From Zero to Hero -
The Npgsql Optimization Story
whoami
- Shay Rojansky
- Long-time Linux/open source developer/enthusiast (installed Slackware somewhere in 1994/5)
- Lead dev of Npgsql
- .NET driver for PostgreSQL (took over in 2012)
- Provider for Entity Framework Core
- Joining Microsoft's data access team in January
- Logistician for Doctors Without Borders (MSF)
whois Npgsql
- Open-source .NET driver for PostgreSQL
- Implements ADO.NET (System.Data.Common)
- Supports fully async (but also sync)
- Fully binary driver
- Fully-featured (PostgreSQL special types, data import/export API, notification support...)
Focus on high performance...
"Database drivers are boring"
- Everyone, including me in 2012
Perf in .NET Core 2.1 and Npgsql 4.0
TechEmpower Fortunes results, round 17
The Raw Numbers
OS | .NET Core | Npgsql 3.2 RPS | Npgsql 4.0 RPS |
---|---|---|---|
Windows | 2.0 | 71,810 | 107,400 |
Windows | 2.1 | 101,546 | 132,778 |
Linux | 2.0 | 73,023 | 93,668 |
Linux | 2.1 | 78,301 | 107,437 |
- On Windows, 3.2 -> 4.0 gives 50% boost
- .NET Core 2.0 -> 2.1 gives a further 24% (85% total)
- Linux perf is lower...
Topics
- Lock-free connection pool
- Async perf techniques
- Buffering / Network I/O
- Command preparation
Breadth rather than depth
Lock-Free Database Connection Pool
What is a DB connection pool?
- Physical DB connections are very expensive to create - especially in PostgreSQL (process spawned in the backend).

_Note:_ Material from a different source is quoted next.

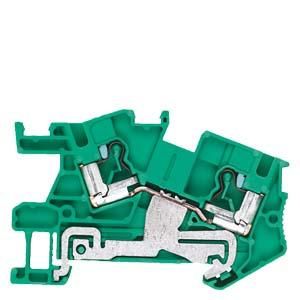 Siemens 8WH6001-0CF07 PE-Insta through terminal width 5.2mm green-yellow
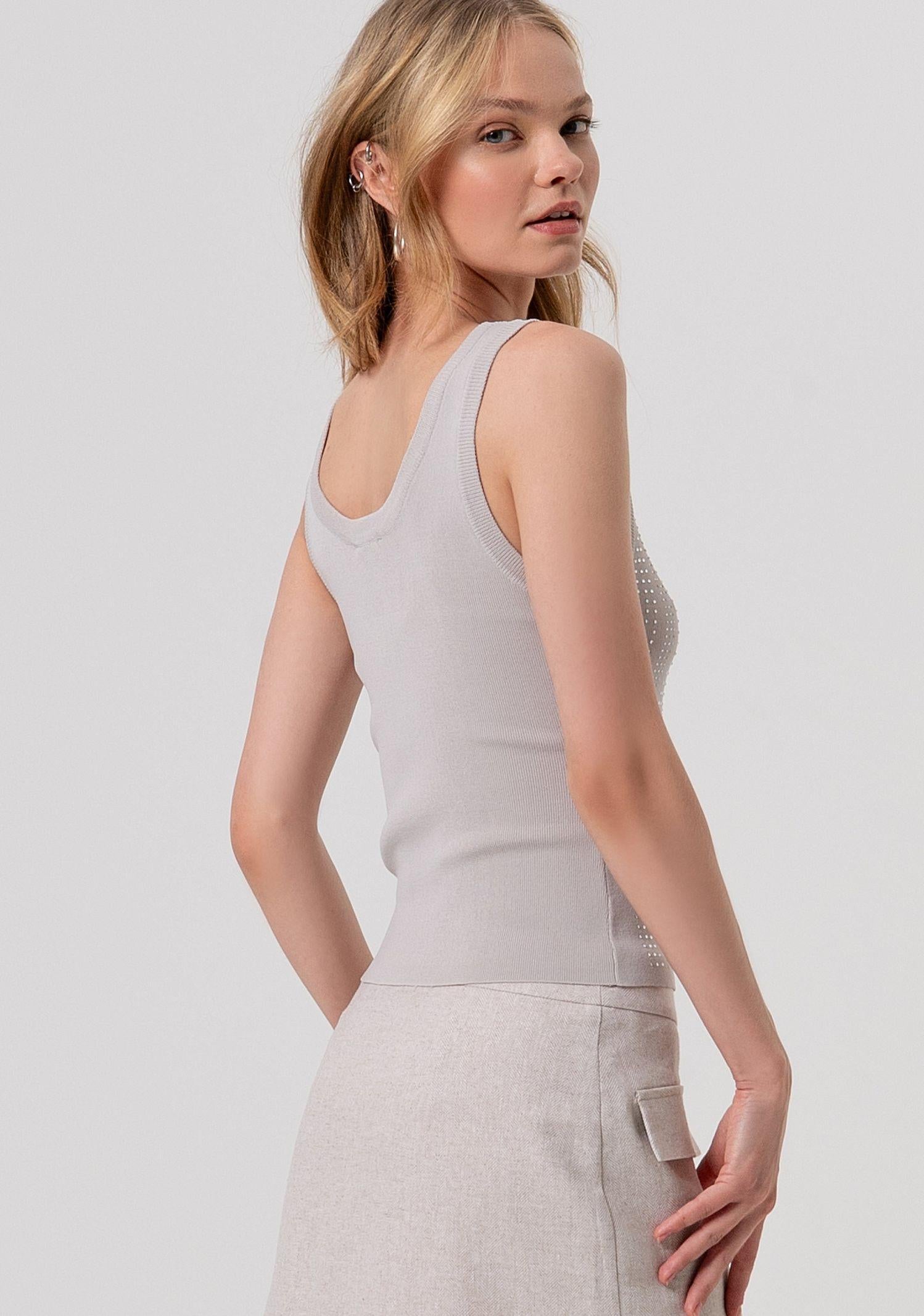 Top con strass - Fracomina FR26ST4005K524R9 251 FRACOMINA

- If we open/close all the time, the app grinds to a halt.
- So the driver includes a pool.
- Pooled Open() and Close() must be very efficient (connection sometimes held for very short, e.g. to service one web request)

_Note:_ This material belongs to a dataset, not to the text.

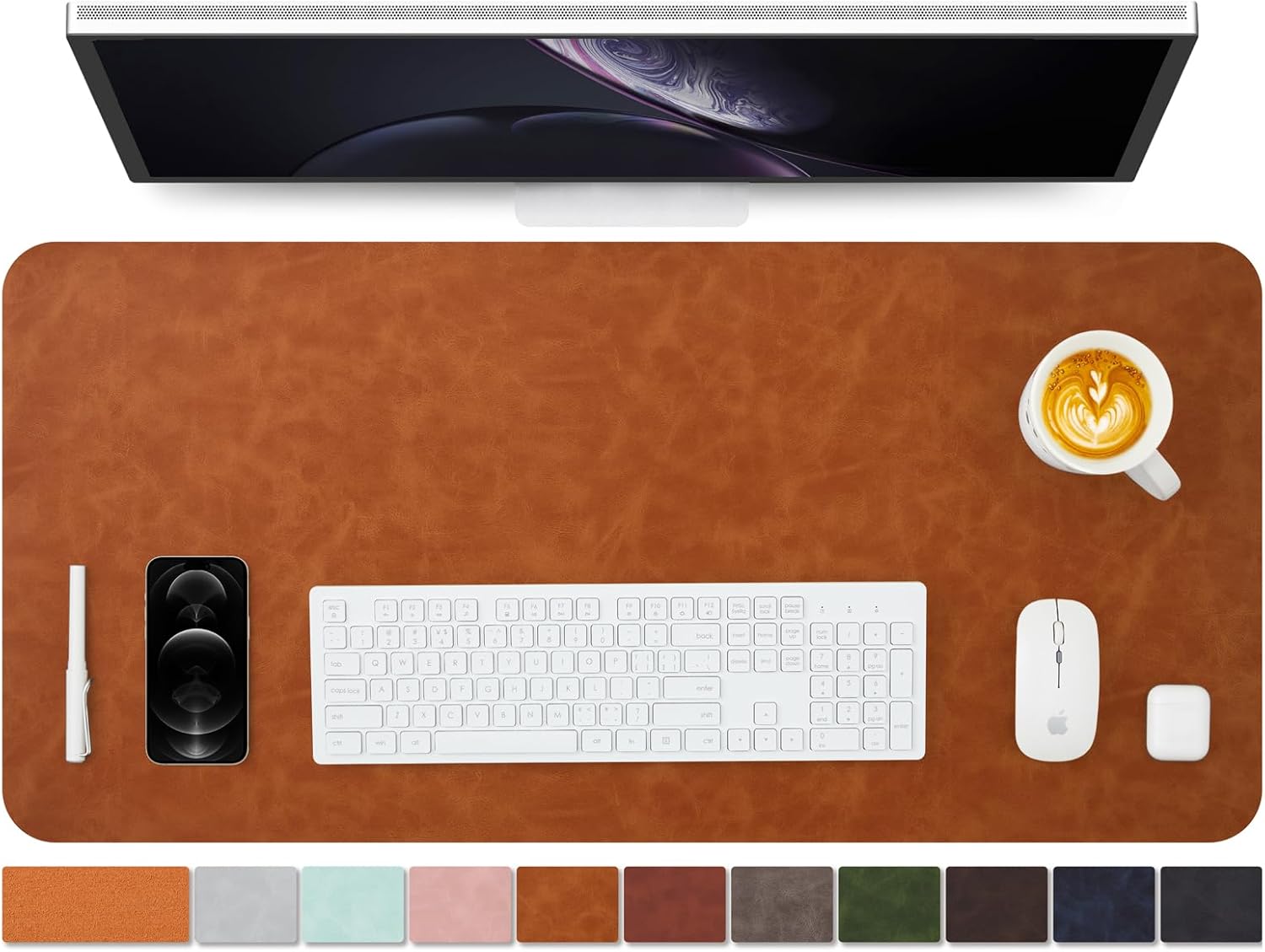 Distressed Leather Desk Mat -  - Leather Desk Pad 리뷰 및 가격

- It's also the one place where synchronization happens: once a connection is taken out there's no thread-safety.
Identifying Contention Bottlenecks
- Low local CPU usage (was only 91%)
- Network bandwidth far below saturation (10Gbps Ethernet, very little iowait)
- No resource starvation on the PostgreSQL side
- Profiler will show Monitor.Enter()
- Try reducing lock scopes if possible (already optimized)
Lock-Free Programming
- Lock-free programming means, well, no locking.

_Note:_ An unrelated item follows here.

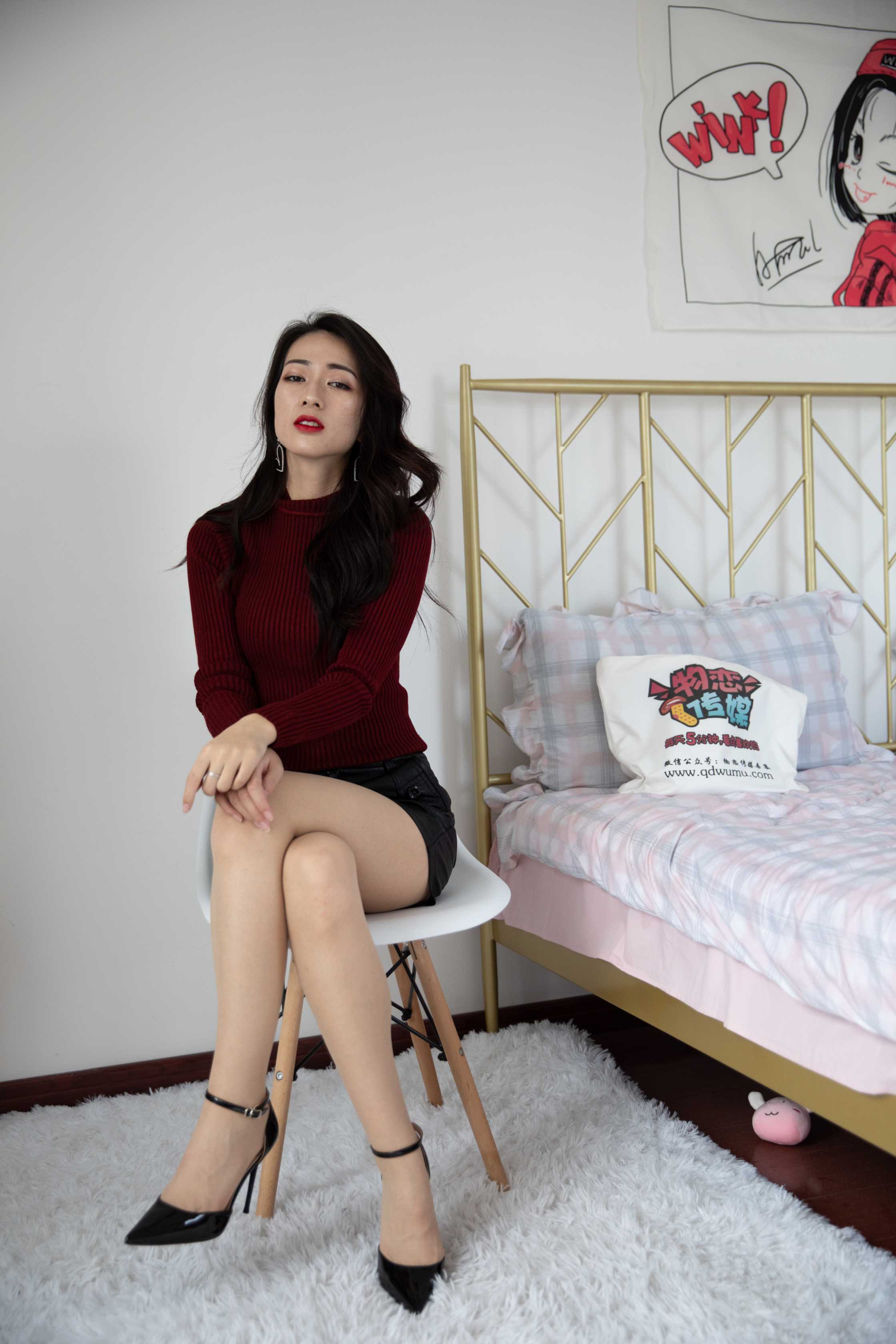 物恋传媒 NO.549 小茶-温暖的橘 [153P+1V3.96G]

- All operations are interleaved, all the time, everywhere.
- "Interlocked" CPU instructions are used to perform complex operations atomically.
- It's really, really hard to get right.
Simple Rent
Connection[] _idle = new Connection[PoolSize];
public Connection Rent()
{
for (var i = 0; _idle.Length; i++)
{
// If the slot contains null, move to the next slot.
if (_idle[i] == null)
continue;
// If we saw a connector in this slot, atomically exchange it with a null.
// Either we get a connector out which we can use, or we get null because
// someone has taken it in the meantime. Either way put a null in its place.
var conn = Interlocked.Exchange(ref _idle[i], null);
if (conn != null)
return conn;
}
// No idle connection was found, create a new one
return new Connection(...);
}
Simple Return
public void Return(Connection conn)
{
for (var i = 0; i < _idle.Length; i++)
if (Interlocked.CompareExchange(ref _idle[i], conn, null) == null)
return;
// No free slot was found, close the connection...
conn.Close();
}
This simple implementation was used as a proof-of-concept.
Let's take it up a notch
- Since physical connections are very expensive, we need to enforce an upper limit (think multiple app instances, one DB backend).
- Once the max limit has been reached, wait until a connection is released.
- Release waiters in FIFO, otherwise some get starved.
- So add a waiting queue next to our idle list: if no idle conn was found, enqueue a TaskCompletionSource.
- When releasing, first check the waiting queue to release any pending attempts. Otherwise return to the idle list.
Two data structures, no locks
- One idle list, one waiting queue. By the time we finish updating one, the other may have changed.
- Example: rent attempt enters waiting queue, at the same time as a release puts a connection back in the idle list. Rent attempt waits forever.
- Need a way to have a single, atomically-modified state (how many busy, idle, waiting)
Atomically manipulate states
[StructLayout(LayoutKind.Explicit)]
internal struct PoolState
{
[FieldOffset(0)]
internal short Idle;
[FieldOffset(2)]
internal short Busy;
[FieldOffset(4)]
internal short Waiting;
[FieldOffset(0)]
internal long All;
}
// Create a local copy of the pool state, in the stack
PoolState newState;
newState.All = _state.All;
// Modify it
newState.Idle--;
newState.Busy++;
// Commit the changes
_state.All = newState.All;
Problem: we have to have multiple counters (idle, busy, waiting), and manipulate them atomically.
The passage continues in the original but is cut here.